Few people know that Lata had initially refused to be a part of this song, as she did not have time for rehearse. “It was Pradeepji who came to me and asked to sing the song. I declined, because there was no time to rehearse. But Pradeepji insisted. Who thought this song would turn out to be so famous. I recall vividly that cold winter evening in Delhi in 1963 when I sang the song as part of the Republic Day celebrations,” points out the melody queen. She gives full credit to Kavi Pradeep for writing such powerful words. “He wrote words that reverberated across the nation. We had just come out of a defeat in the war with China. But the song triggered emotions of great patriotic pride in every Indian,” Lata added.
Though the song was in memory of the Indian soldiers who died during the Indo-China war of 1962, C Ramchandra wanted the lyric to be an anthem remembering all martyrs who laid their lives for India’s Independence. And it too proved so. During the recording of the song Ramchandra told Lata, “I do not want to visualise any personal pathos, but the tragedy of every noble soul who sacrificed his life for this country.” There were about 15 musicians at the recording. Neither Pradeep, Ramchandra nor Lata or any of the musicians charged a penny for the recording. There was a feeling of true patriotism where everyone was involved with the song. As Ramchandra wielded his baton, the musicians performed and the 'Nightingale' melody flew through Lata’s voice like a fountain. In the second antara, she missed a note. Without showing any sign of restlessness, the composer advised Lata to allow her vocal octaves play with the tune and pour in all her emotions. Obeying, Lata created magic with her pitch. The song was recorded in four takes and the Nightingale wept after the recording, wiping her tears with her right palm.
Each word of the mind-boggling lyric penetrated like a bullet into the hearts of those seated at the National Stadium and with Lata’s melliferous voice, Kavi Pradeep’s soulful appeal Zaraa aankh mein bhar lo paani worked magic. Till the song climaxed there was pin-drop silence all around. When the song ended, suddenly, the stadium vibrated into a thunderous sound of claps, whistles and applause of 'Once More!!!' Rest is history.

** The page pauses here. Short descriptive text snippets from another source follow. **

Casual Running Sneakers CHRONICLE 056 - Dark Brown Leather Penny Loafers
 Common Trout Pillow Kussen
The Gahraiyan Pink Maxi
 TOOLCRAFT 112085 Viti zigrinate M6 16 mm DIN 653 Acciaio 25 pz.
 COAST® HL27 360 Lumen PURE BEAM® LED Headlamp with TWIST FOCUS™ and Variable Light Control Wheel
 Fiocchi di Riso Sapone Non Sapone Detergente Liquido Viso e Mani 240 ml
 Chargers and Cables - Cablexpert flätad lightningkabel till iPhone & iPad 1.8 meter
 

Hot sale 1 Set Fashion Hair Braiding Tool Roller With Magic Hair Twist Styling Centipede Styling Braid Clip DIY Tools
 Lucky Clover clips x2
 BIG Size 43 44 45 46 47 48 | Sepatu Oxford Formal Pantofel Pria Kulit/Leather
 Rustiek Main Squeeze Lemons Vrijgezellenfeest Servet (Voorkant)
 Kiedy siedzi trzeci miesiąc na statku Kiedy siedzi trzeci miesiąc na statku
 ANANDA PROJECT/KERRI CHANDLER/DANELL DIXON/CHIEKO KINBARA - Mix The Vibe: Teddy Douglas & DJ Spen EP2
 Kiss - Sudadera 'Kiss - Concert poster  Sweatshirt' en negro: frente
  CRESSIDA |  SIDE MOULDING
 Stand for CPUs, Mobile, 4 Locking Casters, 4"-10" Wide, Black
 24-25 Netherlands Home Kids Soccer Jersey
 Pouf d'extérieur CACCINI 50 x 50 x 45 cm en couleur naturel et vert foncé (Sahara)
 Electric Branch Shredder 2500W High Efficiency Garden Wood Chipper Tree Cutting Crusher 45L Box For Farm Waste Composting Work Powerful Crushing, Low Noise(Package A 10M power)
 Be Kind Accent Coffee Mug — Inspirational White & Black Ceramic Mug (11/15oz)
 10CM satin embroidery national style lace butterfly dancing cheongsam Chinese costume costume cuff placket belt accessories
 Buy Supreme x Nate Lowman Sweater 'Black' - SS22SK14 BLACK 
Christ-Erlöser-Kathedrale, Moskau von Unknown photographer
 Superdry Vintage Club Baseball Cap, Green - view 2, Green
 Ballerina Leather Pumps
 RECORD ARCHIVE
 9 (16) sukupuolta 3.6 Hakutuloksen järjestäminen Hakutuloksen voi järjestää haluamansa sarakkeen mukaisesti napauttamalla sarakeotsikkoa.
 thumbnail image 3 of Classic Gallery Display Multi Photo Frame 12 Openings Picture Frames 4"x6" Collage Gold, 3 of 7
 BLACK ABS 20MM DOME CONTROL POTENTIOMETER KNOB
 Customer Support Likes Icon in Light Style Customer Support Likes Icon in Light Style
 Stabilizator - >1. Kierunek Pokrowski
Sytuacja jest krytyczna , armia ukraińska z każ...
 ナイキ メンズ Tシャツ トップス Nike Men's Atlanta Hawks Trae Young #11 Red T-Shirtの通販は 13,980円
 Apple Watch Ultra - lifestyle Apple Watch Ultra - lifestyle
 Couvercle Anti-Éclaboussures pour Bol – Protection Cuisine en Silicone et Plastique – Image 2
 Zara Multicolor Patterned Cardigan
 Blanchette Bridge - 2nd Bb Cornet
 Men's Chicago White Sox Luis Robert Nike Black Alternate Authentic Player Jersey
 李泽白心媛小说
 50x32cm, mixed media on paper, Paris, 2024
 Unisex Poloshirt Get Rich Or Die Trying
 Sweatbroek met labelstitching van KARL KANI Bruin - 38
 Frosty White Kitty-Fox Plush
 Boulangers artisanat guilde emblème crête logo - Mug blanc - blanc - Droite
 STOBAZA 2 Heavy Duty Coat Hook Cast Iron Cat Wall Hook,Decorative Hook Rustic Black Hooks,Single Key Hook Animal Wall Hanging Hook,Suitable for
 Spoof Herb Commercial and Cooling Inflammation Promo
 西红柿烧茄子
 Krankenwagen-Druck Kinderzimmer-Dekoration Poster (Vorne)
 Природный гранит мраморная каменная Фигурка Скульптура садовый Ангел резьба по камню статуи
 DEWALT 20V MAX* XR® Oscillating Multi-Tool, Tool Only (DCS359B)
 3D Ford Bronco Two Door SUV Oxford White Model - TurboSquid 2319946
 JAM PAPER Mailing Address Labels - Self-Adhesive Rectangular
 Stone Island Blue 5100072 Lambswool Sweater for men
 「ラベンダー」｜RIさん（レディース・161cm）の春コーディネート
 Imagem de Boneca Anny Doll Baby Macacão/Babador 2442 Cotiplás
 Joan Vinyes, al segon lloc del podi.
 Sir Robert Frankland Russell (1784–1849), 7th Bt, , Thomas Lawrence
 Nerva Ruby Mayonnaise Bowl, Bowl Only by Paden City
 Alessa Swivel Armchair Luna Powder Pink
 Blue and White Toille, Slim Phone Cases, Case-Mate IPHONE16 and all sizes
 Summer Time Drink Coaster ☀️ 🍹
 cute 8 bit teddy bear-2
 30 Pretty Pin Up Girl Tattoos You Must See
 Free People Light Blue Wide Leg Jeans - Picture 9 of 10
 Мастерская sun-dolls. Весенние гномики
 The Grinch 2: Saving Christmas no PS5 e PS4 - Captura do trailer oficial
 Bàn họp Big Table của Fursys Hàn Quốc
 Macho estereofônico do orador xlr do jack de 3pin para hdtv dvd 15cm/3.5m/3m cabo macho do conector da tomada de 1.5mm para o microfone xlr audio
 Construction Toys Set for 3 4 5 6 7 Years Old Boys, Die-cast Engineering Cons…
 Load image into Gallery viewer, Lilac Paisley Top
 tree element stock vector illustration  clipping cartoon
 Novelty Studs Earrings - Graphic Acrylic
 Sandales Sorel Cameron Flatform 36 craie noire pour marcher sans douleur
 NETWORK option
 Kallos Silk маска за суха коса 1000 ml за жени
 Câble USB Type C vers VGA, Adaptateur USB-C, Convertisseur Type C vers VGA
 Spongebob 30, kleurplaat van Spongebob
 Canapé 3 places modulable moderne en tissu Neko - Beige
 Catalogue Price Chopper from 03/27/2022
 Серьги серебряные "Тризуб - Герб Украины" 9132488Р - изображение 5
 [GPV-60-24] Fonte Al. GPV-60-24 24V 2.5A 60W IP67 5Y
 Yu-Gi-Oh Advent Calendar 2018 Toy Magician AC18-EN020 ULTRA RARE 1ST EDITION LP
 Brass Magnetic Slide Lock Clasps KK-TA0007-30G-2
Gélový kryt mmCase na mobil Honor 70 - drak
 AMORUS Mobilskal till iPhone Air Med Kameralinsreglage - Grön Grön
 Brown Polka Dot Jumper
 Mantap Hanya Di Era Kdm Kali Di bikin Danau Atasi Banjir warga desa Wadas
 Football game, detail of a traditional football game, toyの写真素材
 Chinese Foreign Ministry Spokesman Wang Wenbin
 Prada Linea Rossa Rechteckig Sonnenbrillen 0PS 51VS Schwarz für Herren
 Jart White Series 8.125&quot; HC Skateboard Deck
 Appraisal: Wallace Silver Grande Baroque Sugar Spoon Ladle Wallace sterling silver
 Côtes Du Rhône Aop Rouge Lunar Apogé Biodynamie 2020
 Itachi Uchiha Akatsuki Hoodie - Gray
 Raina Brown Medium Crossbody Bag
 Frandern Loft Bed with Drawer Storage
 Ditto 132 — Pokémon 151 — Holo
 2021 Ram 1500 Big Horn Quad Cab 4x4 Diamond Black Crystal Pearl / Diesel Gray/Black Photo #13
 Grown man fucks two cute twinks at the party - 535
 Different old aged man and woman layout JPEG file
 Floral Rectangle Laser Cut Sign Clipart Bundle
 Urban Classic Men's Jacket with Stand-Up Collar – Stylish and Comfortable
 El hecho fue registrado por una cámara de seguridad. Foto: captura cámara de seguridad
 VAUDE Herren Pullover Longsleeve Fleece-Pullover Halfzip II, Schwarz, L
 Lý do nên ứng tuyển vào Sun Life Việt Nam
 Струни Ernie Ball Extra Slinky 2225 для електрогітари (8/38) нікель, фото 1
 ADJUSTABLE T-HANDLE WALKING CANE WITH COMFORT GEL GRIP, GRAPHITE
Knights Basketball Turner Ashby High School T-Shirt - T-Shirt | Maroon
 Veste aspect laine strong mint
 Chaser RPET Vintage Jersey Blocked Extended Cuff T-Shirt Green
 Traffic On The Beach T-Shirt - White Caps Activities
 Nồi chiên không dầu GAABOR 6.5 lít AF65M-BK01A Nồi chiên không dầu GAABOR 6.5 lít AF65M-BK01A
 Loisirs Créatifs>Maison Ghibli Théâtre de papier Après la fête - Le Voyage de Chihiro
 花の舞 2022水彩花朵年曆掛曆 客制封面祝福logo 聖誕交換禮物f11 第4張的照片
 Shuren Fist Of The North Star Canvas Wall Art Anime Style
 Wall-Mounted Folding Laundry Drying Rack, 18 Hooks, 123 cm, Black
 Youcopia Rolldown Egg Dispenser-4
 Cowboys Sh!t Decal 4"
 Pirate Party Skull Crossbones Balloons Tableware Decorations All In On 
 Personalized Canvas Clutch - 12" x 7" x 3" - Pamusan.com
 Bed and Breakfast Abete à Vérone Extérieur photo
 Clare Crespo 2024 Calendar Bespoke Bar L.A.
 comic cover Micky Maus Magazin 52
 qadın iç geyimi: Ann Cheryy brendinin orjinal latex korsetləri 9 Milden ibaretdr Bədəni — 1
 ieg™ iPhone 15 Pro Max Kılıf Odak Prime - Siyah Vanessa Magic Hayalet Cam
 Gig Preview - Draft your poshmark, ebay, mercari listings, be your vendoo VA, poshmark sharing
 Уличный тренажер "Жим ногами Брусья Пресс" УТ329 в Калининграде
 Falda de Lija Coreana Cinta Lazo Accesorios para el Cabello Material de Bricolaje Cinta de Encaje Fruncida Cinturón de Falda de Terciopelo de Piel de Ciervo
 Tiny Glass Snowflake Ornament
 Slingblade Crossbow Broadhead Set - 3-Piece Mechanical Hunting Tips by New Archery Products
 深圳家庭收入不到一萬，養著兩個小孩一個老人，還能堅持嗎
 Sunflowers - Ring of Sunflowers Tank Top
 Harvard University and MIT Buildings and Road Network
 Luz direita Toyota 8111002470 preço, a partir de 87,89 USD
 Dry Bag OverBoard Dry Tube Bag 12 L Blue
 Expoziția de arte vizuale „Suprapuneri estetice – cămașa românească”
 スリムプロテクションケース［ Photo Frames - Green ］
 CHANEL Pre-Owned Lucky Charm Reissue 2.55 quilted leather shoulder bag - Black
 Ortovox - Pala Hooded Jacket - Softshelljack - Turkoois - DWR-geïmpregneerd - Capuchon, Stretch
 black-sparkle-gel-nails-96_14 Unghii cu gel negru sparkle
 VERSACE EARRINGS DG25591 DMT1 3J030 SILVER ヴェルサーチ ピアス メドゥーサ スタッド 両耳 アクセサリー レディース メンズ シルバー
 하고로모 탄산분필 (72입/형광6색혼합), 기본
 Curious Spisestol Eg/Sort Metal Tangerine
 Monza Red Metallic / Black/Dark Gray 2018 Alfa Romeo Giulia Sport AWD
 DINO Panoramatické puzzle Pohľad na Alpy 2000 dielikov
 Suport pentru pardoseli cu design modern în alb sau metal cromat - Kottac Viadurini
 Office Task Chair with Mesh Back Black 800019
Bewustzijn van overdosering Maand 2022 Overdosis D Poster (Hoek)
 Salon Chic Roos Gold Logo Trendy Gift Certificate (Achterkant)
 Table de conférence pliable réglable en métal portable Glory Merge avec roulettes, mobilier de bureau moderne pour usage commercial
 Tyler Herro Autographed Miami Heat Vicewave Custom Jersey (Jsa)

This is how the unforgettable song created history and even made Pandit Nehru cry. Accolades were showered on Pradeep and Lata, both of whom went on to win the Dadasaheb Phalke Award. Lata even won a Bharat Ratna. Till date, many do not know that it is the musical creation of C Ramchandra who was also known as Anna Saheb, whom SD Burman and Shankar Jaikishan considered superior to them. There were no gentle shades of patriotism. The song, a strong melody in Raag Asavari — a sober morning raga — was straight and simple, with a different chord progression for every stanza.
The story behind the composition of this cult patriotic song is also interesting. In December 1962, when the nation was still coming to terms with the aftermath of the Indo-China War, a disturbed Kavi Pradeep was walking the streets of Mahim in Mumbai. He looked around and wanted to pen a line. But he was known to not carry paper and pen. After asking joggers and beggars around, he asked a paanwala, who gave him an empty packet of cigarettes. He opened the packet with a pen that a man standing there lent him, and wrote: Jo shaheed huye hain unki, zara yaad karo qurbani. The song, which was completed that night in his house, eventually went on to become a tableau of nationalism.
That’s the magic of the words of Kavi Pradeep who also penned the touching admonition – Aye mere watan ke logon which immortalised him and established him as 'Nation’s Star Poet'. Kavi Pradeep was the poet of the common man and never let his soul sell, even though he had to pay a ‘high price’ for his virtues. While his contemporaries enjoyed a luxurious life styles, Pradeep lived a middle class life, despite being labeled as ‘Nation’s Star Poet’! Kavi Pradeep’s real name was Ramchandra Narayanji Dwivedi.